En cuanto al “significado pre-propio y/o etimológico”, (tomando la previa categoría de pre-
propio de Kohlheim), se trata de una instancia semántica previa a la lingüística del nombre
propio y pertenece, por tanto, a la lingüística histórica e inactual” (Szaszak Bongartz, 2023, p.
22). Tiene que ver con fenómenos de homonimia o cercanía formal respecto de otras palabras
de tipo léxico, producto de transcategorizaciones o recategorizaciones.
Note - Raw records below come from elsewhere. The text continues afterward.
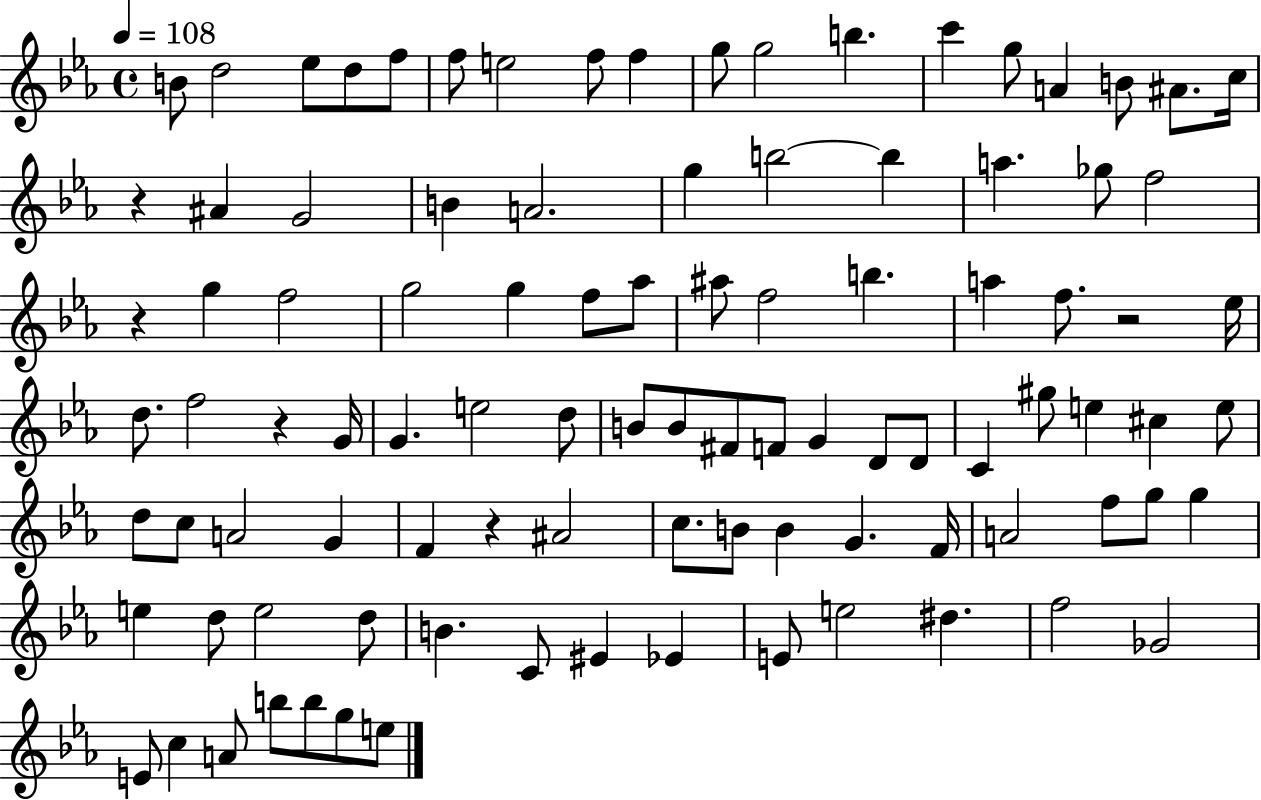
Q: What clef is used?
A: treble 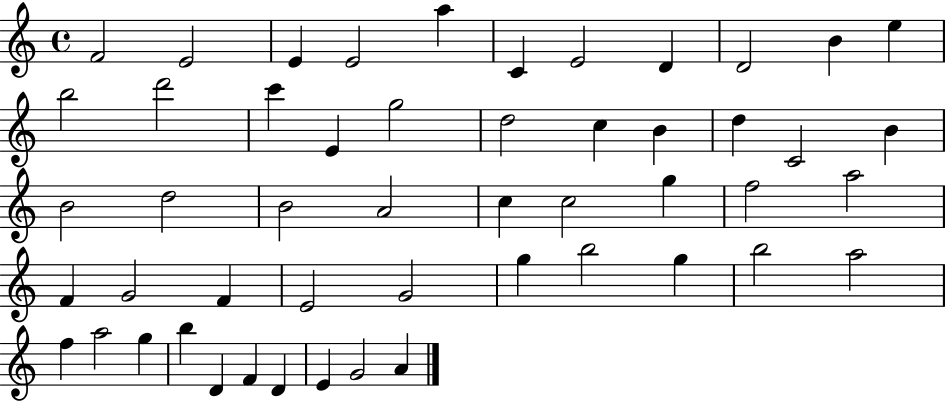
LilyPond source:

{
  \clef treble
  \time 4/4
  \defaultTimeSignature
  \key c \major
  f'2 e'2 | e'4 e'2 a''4 | c'4 e'2 d'4 | d'2 b'4 e''4 | \break b''2 d'''2 | c'''4 e'4 g''2 | d''2 c''4 b'4 | d''4 c'2 b'4 | \break b'2 d''2 | b'2 a'2 | c''4 c''2 g''4 | f''2 a''2 | \break f'4 g'2 f'4 | e'2 g'2 | g''4 b''2 g''4 | b''2 a''2 | \break f''4 a''2 g''4 | b''4 d'4 f'4 d'4 | e'4 g'2 a'4 | \bar "|."
} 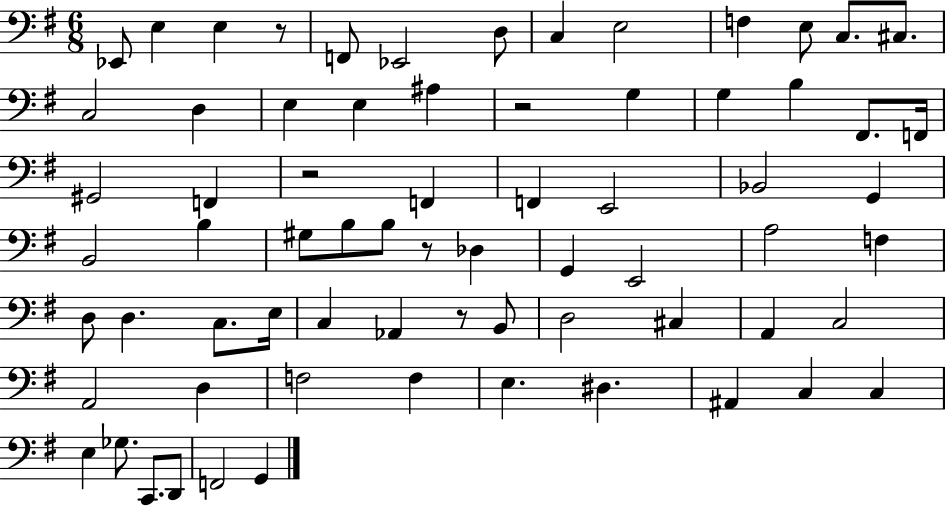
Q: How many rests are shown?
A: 5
Cuando un nombre
común se “propializa”, es usual que trafique un excedente de significado, pero que le es, en
parte, ajeno. Por ejemplo, un nombre como “Soledad” deriva de un sustantivo común, y por
ello tiene ecos de sentido pre-propios (carencia de compañía, etc.) al margen de que se
encuentren activados en el uso o no (Szaszak Bongartz, 2023). La segunda parte de este
complejo de significados, la etimológica, tiene que ver, claro, con el origen de la palabra que
se rastrea en la coordenada diacrónica, pero lo cierto es que este puede existir o no (a veces se
trata, como señala Elsen, de un nombre inventado o Kunstwort).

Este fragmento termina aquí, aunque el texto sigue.